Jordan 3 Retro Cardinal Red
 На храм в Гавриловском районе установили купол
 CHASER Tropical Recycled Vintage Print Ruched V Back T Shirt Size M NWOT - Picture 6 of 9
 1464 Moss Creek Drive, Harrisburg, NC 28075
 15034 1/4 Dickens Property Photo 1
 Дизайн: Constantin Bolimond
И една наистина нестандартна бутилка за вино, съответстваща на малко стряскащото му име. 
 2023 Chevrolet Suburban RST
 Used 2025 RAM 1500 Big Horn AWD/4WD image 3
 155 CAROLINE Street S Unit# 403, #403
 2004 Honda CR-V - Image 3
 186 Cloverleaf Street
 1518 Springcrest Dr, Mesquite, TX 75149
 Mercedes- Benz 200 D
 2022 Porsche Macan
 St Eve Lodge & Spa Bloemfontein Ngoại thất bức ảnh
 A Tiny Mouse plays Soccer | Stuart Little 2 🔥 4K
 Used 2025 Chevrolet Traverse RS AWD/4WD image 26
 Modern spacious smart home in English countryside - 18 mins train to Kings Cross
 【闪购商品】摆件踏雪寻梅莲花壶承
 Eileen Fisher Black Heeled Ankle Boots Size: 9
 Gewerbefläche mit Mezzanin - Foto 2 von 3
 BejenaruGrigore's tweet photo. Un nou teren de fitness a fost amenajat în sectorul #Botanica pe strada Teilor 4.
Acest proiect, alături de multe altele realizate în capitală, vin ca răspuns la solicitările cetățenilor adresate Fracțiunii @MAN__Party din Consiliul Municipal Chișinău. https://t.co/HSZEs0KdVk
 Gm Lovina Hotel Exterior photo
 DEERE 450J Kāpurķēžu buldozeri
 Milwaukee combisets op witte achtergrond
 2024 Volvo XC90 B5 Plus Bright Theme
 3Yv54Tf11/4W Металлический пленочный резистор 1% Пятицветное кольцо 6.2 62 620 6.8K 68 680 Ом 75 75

□ □ □ □

» TASK STATEMENT
In the records above, return precisely the line containing "Eileen Fisher Black" and each line that comes after it, up to the final one.

» SOLUTION FOR THIS TASK
 Eileen Fisher Black Heeled Ankle Boots Size: 9
 Gewerbefläche mit Mezzanin - Foto 2 von 3
 BejenaruGrigore's tweet photo. Un nou teren de fitness a fost amenajat în sectorul #Botanica pe strada Teilor 4.
Acest proiect, alături de multe altele realizate în capitală, vin ca răspuns la solicitările cetățenilor adresate Fracțiunii @MAN__Party din Consiliul Municipal Chișinău. https://t.co/HSZEs0KdVk
 Gm Lovina Hotel Exterior photo
 DEERE 450J Kāpurķēžu buldozeri
 Milwaukee combisets op witte achtergrond
 2024 Volvo XC90 B5 Plus Bright Theme
 3Yv54Tf11/4W Металлический пленочный резистор 1% Пятицветное кольцо 6.2 62 620 6.8K 68 680 Ом 75 75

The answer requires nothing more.